Posted on 13 January 2021

Extinct dire wolves split off from other canines nearly six million years ago and were only a distant relative of today’s species, a new study says.

A pack of dire wolves feeding on their bison kill, while a pair of grey wolves approach in the hopes of scavenging. Credit: Mauricio Antón/Nature

Dire wolves - made famous in the TV show Game of Thrones -  were common across North America until around 13,000 years ago, after which they went extinct.

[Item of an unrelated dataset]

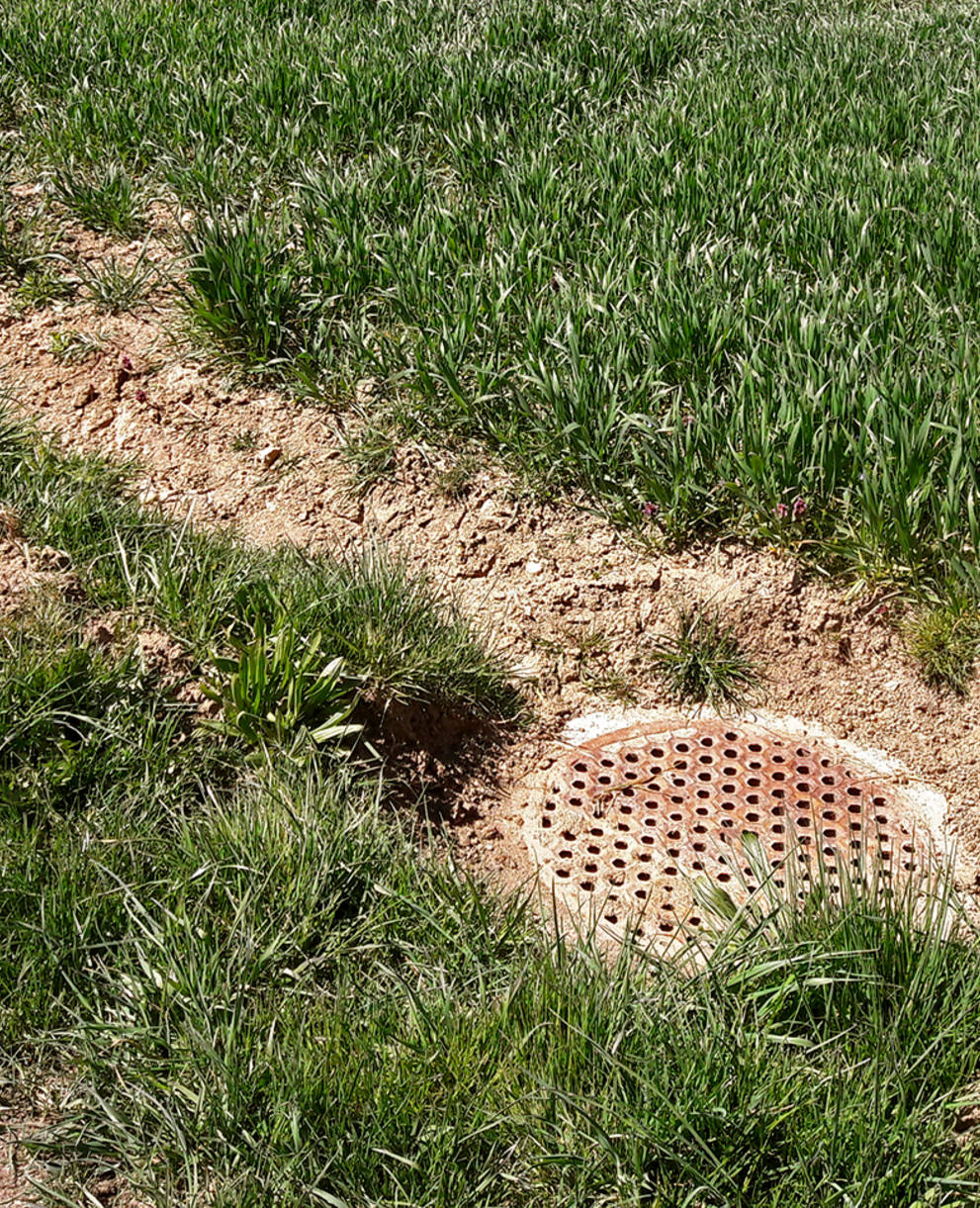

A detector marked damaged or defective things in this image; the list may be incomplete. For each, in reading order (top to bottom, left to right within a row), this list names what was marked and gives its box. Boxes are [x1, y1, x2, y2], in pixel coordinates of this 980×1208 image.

rusty metal grate [528, 719, 932, 937]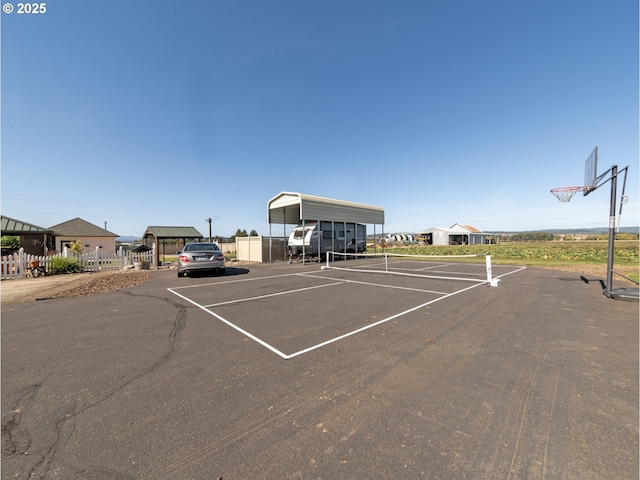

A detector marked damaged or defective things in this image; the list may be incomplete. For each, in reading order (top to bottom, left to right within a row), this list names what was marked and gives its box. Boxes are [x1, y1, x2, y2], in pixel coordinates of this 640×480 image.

The study – involving analysis from the University of York - shows that dire wolves were so different from other canine species, like coyotes and grey wolves, that they were not able to breed with each other. Previous research had led scientists to believe that dire wolves were closely related to grey wolves. 

Grey wolves

An international team of scientists sequenced the ancient DNA of five dire wolf sub-fossils dating back to over 50,000 years ago. Their results showed that dire wolves and grey wolves were in fact very distant cousins.

This is the first time ancient DNA has been taken from dire wolves revealing a complex history of these ice age predators.

Researchers analysed the genomes of dire wolves alongside those of many different wolf-like canid species. Their analyses suggest that unlike many canid species who apparently migrated repeatedly between North America and Eurasia over time, dire wolves evolved solely in North America for millions of years.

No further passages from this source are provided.